The Villa dei Misteri at the far end of the city is the closest to Vesuvius, with amazing colourful frescoes in the room where an upper class Roman family dined. I know that if I’d been there on August 24, 79AD I’d have gawped in fascination as Vesuvius started its spectacular pyrotechnics. I’d never have dreamt the fizzing flames could unleash the deadly concoction of ash and melting rocks that covered Pompeii and sealed in all it inhabitants.
I wonder whether anyone had time to evacuate. One display board answers that, telling us “a sudden tremor abruptly interrupted the daily routine of the inhabitants of Pompeii. That was followed by a tremendous blast signalling the beginning of a violent eruption with a column of lapilli rising over 20,000 metres into the sky. This hailed down upon Pompeii, submerging the city in a few hours in three metres of material.”
Then hot gas and burning ash swept through, clogging the lungs and causing death by suffocation. After successive waves of destruction, Pompeii was lost entirely under six metres of debris.
In one room a body sits with its knees drawn up and futile hands trying to protect its face. Another is lying flat, dead in bed, perhaps. They’re plaster casts, made by pouring plaster into the space created when a body decays within the rock encasing it. I can’t help staring, because it’s the bodies that make you comprehend. Plaster casts that say “this is where I died” rather than pillars that say “this is where somebody once built.”

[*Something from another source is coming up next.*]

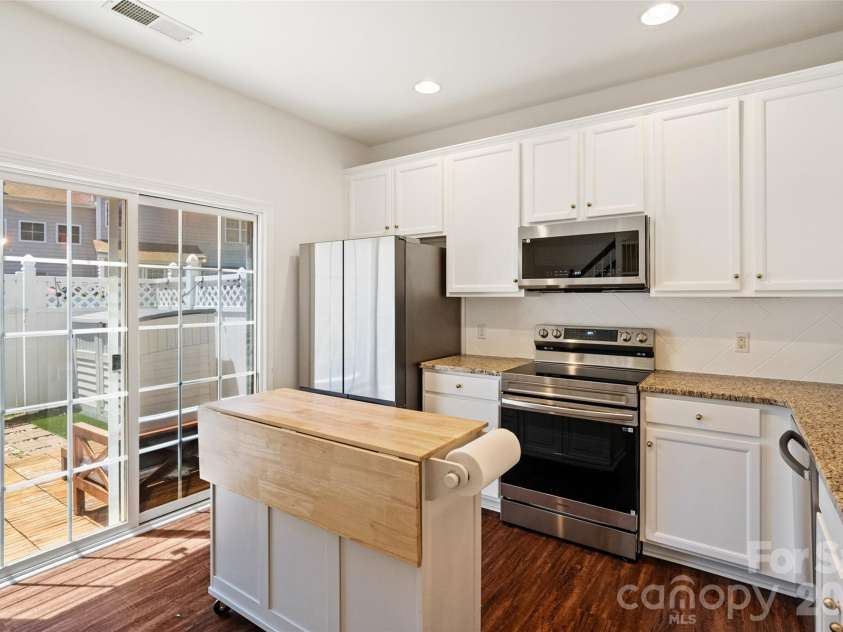 416 River Park Road, Belmont, NC 28012.  MLS# CAR4389498, YatesRealty ID 28044.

Yet the most popular sight in Pompeii isn’t the bodies, or the beautifully preserved public baths. It’s the brothel, and if the crowds queuing to get in today reflect the queues of the Roman era, the poor girls must have been worked off their feet.
It’s a tiny building, and reminds you how small those Roman men were. In height, I mean. The bedrooms leading off the corridor are ridiculously tiny, and above each room is a fresco showing the occupant’s speciality. Pompeii was a seaport, so foreign sailors could just point at what they wanted rather than learn a whole new lusty lexicon. It’s hard to see who is doing what to who, with the erosion of time. But you queue because everyone wants to figure out the faded drawings.
The small seaside resort of Herculaneum was also obliterated by Vesuvius, in an unstoppable stream of molten lava. Herculaneum is nowhere near the sea now, because the lava literally created a solid new landmass. It’s marvellously well preserved, but lacks Pompeii’s ability to conjure up a sense of how life must have felt in those heady Roman days.
Perhaps comparing Pompeii and Herculaneum is like comparing seething Naples with sleepy Bomerano, a mountain village behind the stunning Amalfi coast. Bomerano’s beauty is that it’s a handy and relatively cheap base from which to explore Vesuvius, Pompeii, Naples and the gravity-defying cliff-face towns Amalfi and Positano.
Positano is pretty but far too full of tourists. Give me Naples any day, with its big city life and grime, lively markets, sophisticated shopping malls and splendidly ornate buildings.
The Neapolitans take a maverick pleasure in living in the shadow of danger cast by Vesuvius, proudly describing themselves as hot, passionate and volatile like their land. Naples is notorious for being Italy’s most seedy, edgy and disreputable city, but I don’t pick up the slightest sense of that even in its narrow backstreets. In fact I feel tempted to mug someone myself, just to help Naples uphold its possibly undeserved reputation.
In a street market I’m fingering the leather belts, needing a new one after days of delicious three course dinners. A hunky stranger materialises by my side, saying it’s dangerous to buy things on the streets because the bad boys of Naples will take advantage of me. It sounds delightful. “Aren’t you a Naples bad boy?” I ask, and his only reply is to lift an eyebrow over a suggestive, sexy smile. Yep, those Neapolitans can smoulder in a way that puts even Vesuvius to shame.